WHAT THE TASK REQUIRES
Each record below is to be copied exactly; the pictures are to be omitted.

Caption-style text data
+ + + + +

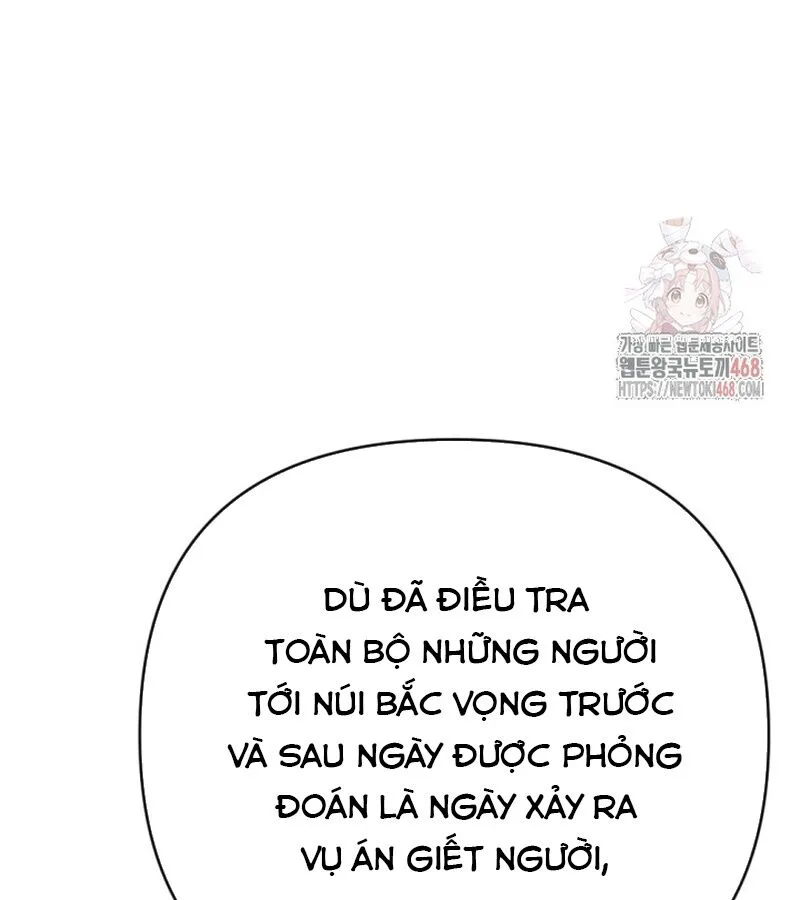 Lãng Nhân Bất Tử chương 37 - trang 154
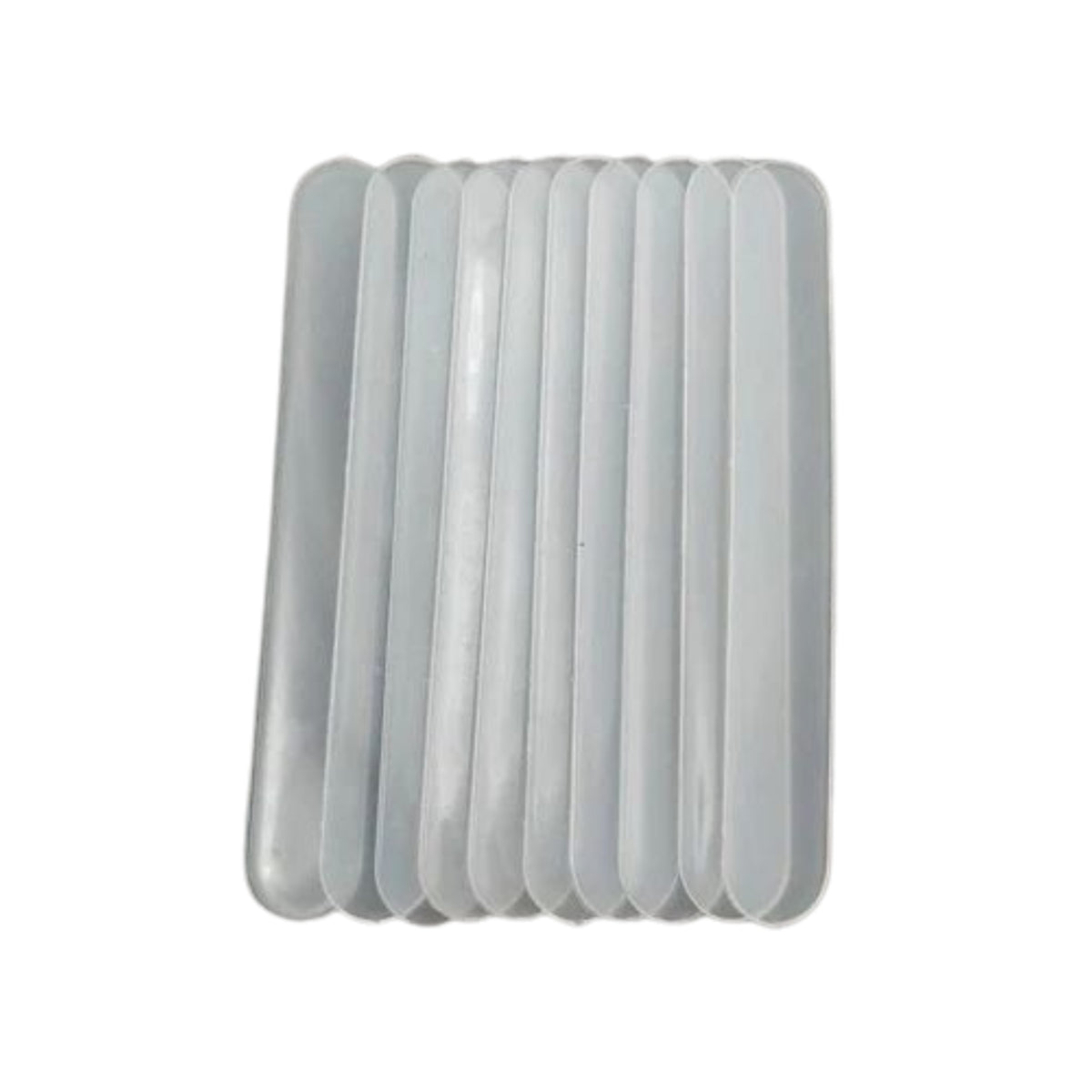 REUSABLE PVC MIXING STICK (PACK OF 10)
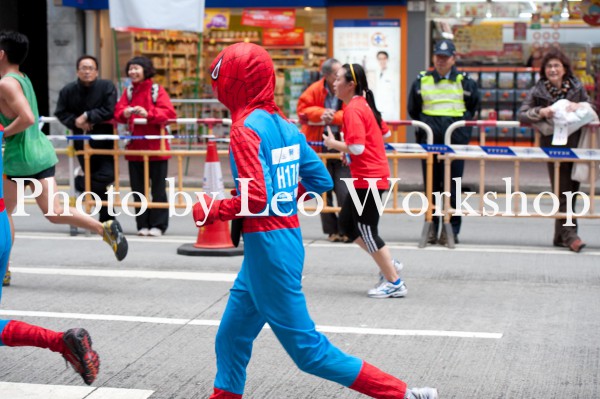 0233hkmarathon_20110220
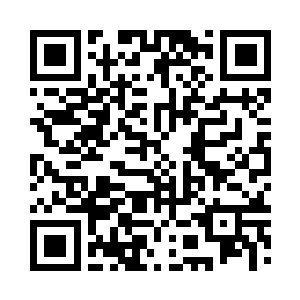 大爷还让我给你留了些好东西呢……你且等等二维码生成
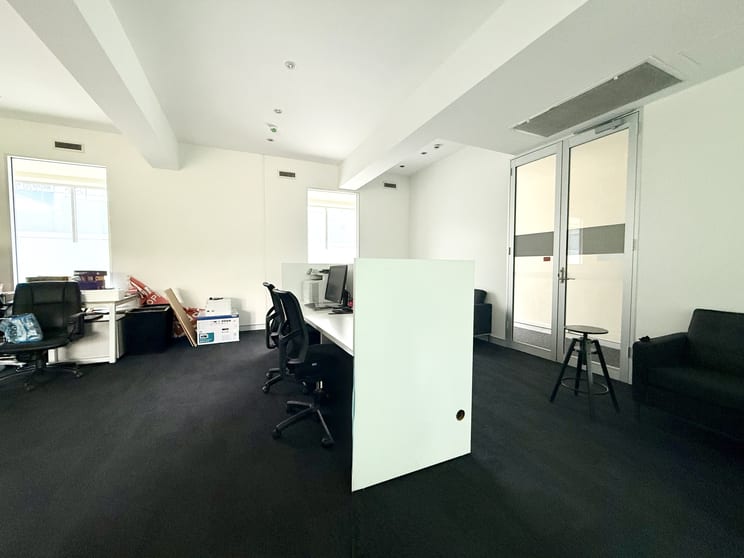 Click to view all images Unit 5/1 Woolley Street Dickson ACT 2602 - Image 3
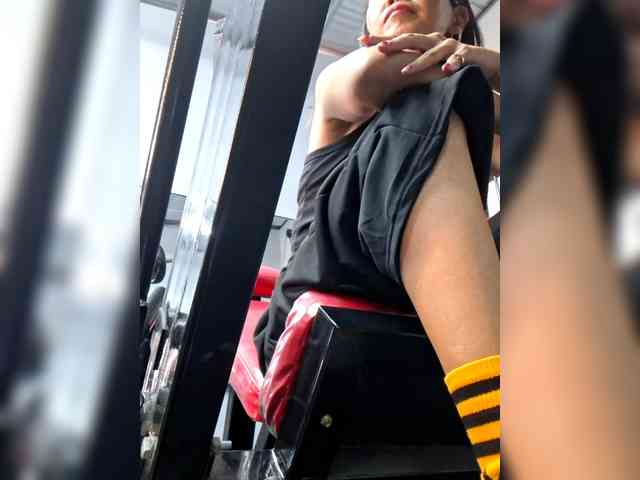 MariaLeteciaFilipina MariaLeteciaFilipina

+ + + + +

YOUR SOLUTION
 Lãng Nhân Bất Tử chương 37 - trang 154
 REUSABLE PVC MIXING STICK (PACK OF 10)
 0233hkmarathon_20110220
 大爷还让我给你留了些好东西呢……你且等等二维码生成
 Click to view all images Unit 5/1 Woolley Street Dickson ACT 2602 - Image 3
 MariaLeteciaFilipina MariaLeteciaFilipina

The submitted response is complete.